Short text fragments from websites
[Start of Attachment]
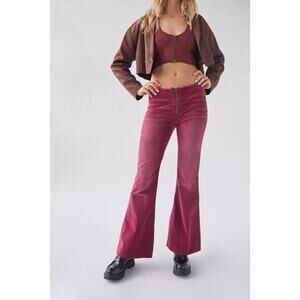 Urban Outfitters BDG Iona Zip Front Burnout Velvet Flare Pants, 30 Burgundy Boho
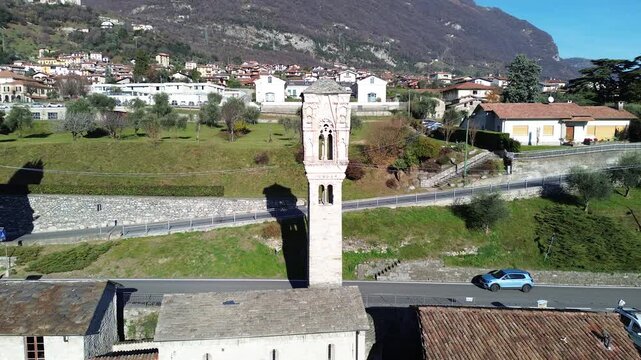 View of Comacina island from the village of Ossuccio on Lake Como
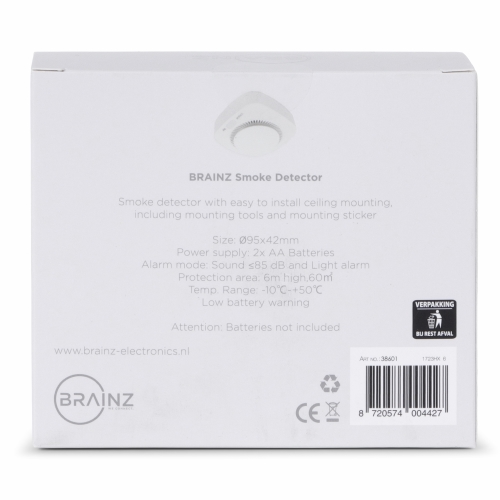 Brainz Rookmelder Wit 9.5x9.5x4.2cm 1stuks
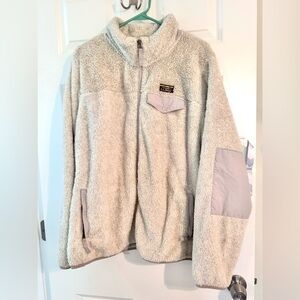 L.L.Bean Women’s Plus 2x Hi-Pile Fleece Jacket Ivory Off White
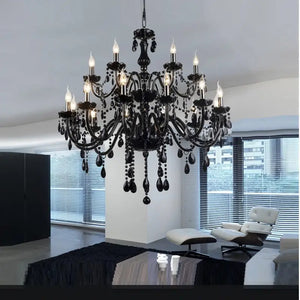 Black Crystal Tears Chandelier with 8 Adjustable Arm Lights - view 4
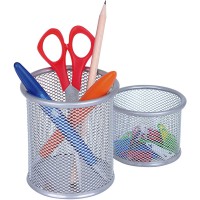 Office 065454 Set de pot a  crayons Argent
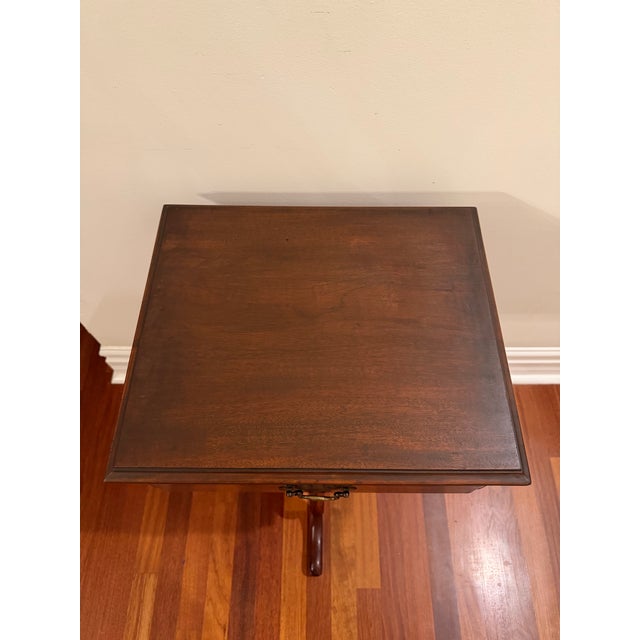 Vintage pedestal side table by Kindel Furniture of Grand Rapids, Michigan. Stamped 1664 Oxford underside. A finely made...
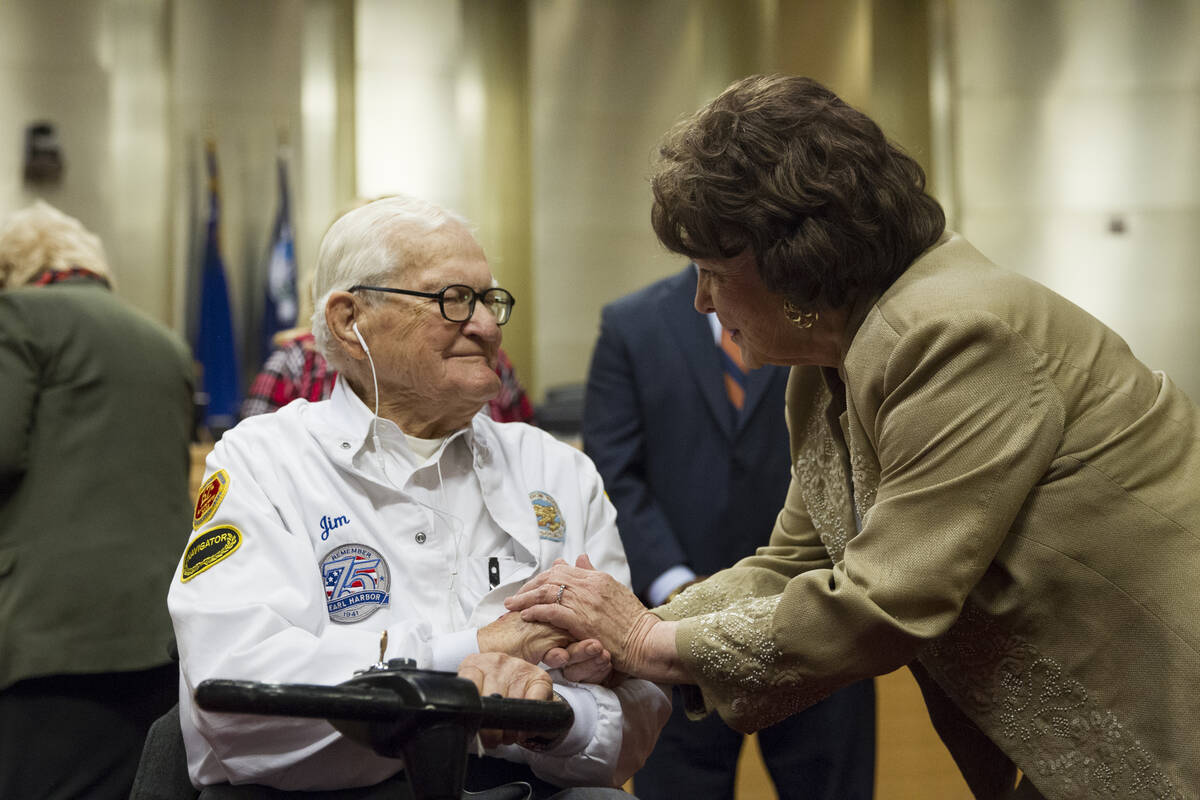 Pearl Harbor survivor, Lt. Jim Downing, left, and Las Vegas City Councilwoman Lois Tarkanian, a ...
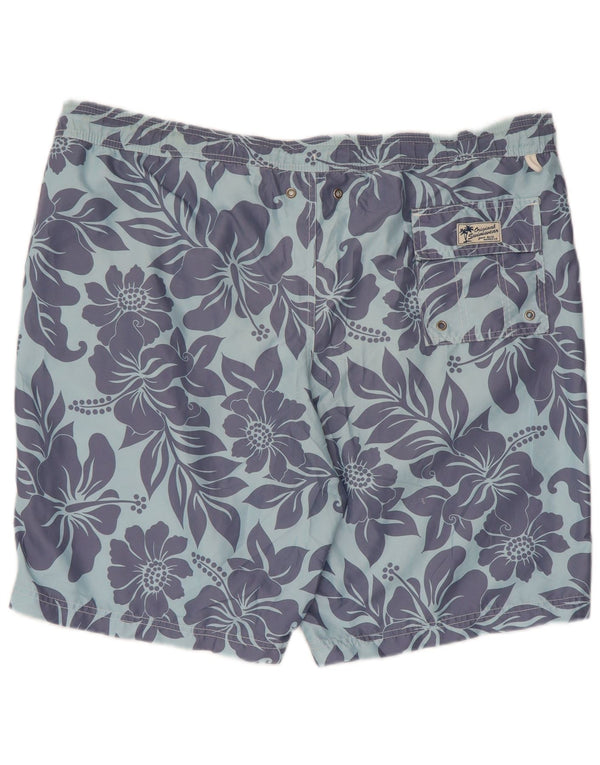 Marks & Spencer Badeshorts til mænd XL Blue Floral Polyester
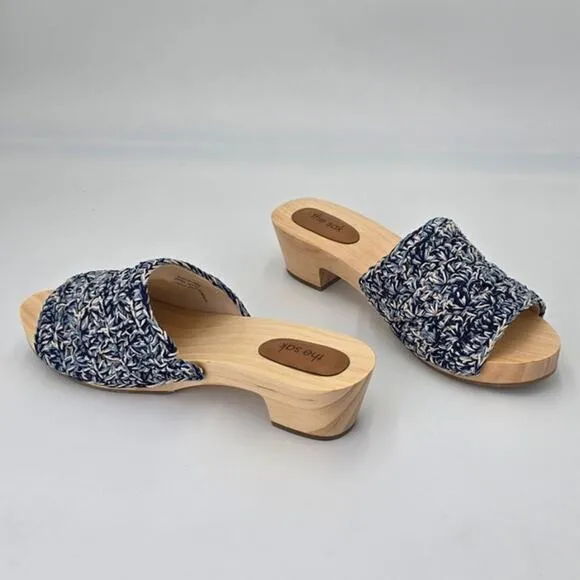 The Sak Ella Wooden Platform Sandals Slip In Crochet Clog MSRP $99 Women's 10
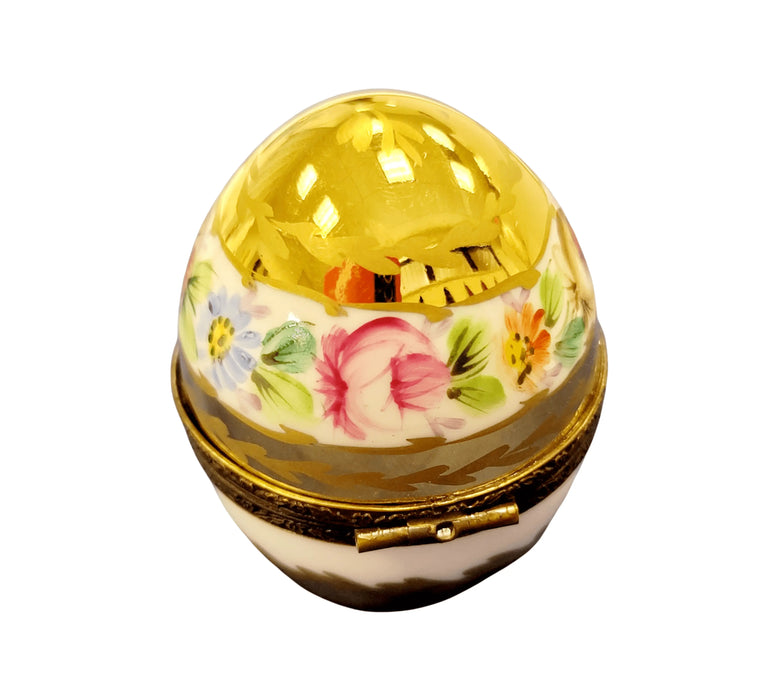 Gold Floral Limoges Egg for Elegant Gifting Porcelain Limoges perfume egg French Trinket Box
[End of Attachment]
**Problem requirements**:
Only exact lines belong in the answer: those from the beginning of the entries above through the line holding "L.L.Bean Women’s Plus", with no pictures.

**Result**:
 Urban Outfitters BDG Iona Zip Front Burnout Velvet Flare Pants, 30 Burgundy Boho
 View of Comacina island from the village of Ossuccio on Lake Como
 Brainz Rookmelder Wit 9.5x9.5x4.2cm 1stuks
 L.L.Bean Women’s Plus 2x Hi-Pile Fleece Jacket Ivory Off White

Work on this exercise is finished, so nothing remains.